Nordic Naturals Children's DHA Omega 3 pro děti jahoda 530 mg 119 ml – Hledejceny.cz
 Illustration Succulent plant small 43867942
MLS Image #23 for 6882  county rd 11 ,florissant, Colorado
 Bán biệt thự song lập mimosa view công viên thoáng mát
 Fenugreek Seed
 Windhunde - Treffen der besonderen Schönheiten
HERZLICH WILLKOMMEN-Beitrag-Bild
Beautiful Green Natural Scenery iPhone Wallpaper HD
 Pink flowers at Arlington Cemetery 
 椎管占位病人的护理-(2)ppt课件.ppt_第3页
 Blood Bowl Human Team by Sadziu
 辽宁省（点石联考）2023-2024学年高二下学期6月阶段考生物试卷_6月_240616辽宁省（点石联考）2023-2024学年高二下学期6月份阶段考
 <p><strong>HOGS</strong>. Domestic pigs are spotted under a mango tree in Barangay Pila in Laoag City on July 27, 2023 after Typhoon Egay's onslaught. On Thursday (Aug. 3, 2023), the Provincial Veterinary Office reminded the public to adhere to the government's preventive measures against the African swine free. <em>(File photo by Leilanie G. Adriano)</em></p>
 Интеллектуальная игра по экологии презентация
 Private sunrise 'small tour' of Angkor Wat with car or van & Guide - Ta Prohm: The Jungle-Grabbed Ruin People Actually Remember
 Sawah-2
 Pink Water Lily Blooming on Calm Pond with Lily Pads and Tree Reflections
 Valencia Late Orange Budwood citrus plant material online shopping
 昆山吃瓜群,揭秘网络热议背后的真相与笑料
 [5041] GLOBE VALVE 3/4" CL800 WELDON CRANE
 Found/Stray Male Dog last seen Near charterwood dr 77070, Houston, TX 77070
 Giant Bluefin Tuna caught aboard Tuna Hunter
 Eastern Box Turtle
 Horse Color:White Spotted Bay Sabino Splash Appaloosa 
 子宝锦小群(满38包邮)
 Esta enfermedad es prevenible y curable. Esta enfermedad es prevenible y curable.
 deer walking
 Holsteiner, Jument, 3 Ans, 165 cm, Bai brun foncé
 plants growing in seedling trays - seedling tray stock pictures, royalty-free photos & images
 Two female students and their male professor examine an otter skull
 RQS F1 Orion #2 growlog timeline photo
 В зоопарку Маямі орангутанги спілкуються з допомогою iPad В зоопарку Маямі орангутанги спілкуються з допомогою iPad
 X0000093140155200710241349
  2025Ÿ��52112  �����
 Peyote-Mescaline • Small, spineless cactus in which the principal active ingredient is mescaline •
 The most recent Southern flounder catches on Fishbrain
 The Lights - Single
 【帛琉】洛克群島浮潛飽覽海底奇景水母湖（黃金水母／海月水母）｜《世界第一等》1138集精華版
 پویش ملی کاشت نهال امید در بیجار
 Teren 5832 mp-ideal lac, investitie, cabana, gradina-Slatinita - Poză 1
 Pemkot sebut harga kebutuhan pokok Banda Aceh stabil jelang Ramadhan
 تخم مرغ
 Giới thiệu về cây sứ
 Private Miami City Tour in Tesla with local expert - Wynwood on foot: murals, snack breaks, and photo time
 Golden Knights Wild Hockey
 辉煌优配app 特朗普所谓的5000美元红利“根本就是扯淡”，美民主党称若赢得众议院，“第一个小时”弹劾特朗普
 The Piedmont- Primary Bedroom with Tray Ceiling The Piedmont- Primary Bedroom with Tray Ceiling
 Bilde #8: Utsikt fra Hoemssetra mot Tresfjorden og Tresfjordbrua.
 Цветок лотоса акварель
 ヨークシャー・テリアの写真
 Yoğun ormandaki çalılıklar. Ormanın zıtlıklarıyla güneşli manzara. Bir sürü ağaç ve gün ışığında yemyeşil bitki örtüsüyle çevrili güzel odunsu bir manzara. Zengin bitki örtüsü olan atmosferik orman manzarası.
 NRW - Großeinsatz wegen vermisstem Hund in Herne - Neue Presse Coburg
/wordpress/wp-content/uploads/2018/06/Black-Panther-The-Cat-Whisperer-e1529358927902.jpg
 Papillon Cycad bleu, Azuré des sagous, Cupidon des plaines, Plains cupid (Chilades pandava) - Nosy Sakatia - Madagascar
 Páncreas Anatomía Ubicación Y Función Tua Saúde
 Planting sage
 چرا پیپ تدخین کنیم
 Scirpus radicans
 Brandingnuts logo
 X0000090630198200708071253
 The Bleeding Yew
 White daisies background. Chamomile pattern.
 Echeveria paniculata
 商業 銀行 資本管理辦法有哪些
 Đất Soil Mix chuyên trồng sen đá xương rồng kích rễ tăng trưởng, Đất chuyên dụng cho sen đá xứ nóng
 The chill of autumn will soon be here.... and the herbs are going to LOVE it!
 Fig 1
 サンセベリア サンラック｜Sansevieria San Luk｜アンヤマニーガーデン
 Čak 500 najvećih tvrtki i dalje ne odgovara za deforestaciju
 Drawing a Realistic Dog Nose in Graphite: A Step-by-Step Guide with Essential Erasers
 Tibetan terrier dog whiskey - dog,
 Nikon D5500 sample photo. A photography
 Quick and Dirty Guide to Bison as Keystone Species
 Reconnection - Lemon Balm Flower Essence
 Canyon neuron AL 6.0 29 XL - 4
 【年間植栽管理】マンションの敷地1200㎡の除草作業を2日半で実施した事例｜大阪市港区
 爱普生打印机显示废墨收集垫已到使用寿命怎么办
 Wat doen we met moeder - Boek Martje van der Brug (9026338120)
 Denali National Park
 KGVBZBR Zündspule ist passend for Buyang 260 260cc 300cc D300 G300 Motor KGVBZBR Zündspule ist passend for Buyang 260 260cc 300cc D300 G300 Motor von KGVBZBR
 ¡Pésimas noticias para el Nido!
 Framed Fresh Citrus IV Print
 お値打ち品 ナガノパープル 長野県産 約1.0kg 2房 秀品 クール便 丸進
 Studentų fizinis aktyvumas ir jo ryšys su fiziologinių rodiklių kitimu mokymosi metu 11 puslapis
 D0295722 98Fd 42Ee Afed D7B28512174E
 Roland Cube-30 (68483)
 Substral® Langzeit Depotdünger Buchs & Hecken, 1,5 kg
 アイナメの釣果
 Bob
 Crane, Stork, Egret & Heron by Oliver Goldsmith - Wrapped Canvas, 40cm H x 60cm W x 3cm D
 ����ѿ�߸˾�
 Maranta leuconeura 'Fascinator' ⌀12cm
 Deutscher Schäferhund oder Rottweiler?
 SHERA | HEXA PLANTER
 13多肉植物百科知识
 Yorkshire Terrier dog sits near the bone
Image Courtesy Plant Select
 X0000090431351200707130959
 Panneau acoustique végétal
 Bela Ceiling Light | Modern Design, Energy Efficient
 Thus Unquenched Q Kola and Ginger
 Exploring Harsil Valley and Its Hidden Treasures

--------

:: Your goal ::
Take from the material above the lines running from the one with "ヨークシャー・テリアの写真" through the one with "Drawing a Realistic", and repeat them exactly, with nothing else.

:: Finished exercise ::
 ヨークシャー・テリアの写真
 Yoğun ormandaki çalılıklar. Ormanın zıtlıklarıyla güneşli manzara. Bir sürü ağaç ve gün ışığında yemyeşil bitki örtüsüyle çevrili güzel odunsu bir manzara. Zengin bitki örtüsü olan atmosferik orman manzarası.
 NRW - Großeinsatz wegen vermisstem Hund in Herne - Neue Presse Coburg
/wordpress/wp-content/uploads/2018/06/Black-Panther-The-Cat-Whisperer-e1529358927902.jpg
 Papillon Cycad bleu, Azuré des sagous, Cupidon des plaines, Plains cupid (Chilades pandava) - Nosy Sakatia - Madagascar
 Páncreas Anatomía Ubicación Y Función Tua Saúde
 Planting sage
 چرا پیپ تدخین کنیم
 Scirpus radicans
 Brandingnuts logo
 X0000090630198200708071253
 The Bleeding Yew
 White daisies background. Chamomile pattern.
 Echeveria paniculata
 商業 銀行 資本管理辦法有哪些
 Đất Soil Mix chuyên trồng sen đá xương rồng kích rễ tăng trưởng, Đất chuyên dụng cho sen đá xứ nóng
 The chill of autumn will soon be here.... and the herbs are going to LOVE it!
 Fig 1
 サンセベリア サンラック｜Sansevieria San Luk｜アンヤマニーガーデン
 Čak 500 najvećih tvrtki i dalje ne odgovara za deforestaciju
 Drawing a Realistic Dog Nose in Graphite: A Step-by-Step Guide with Essential Erasers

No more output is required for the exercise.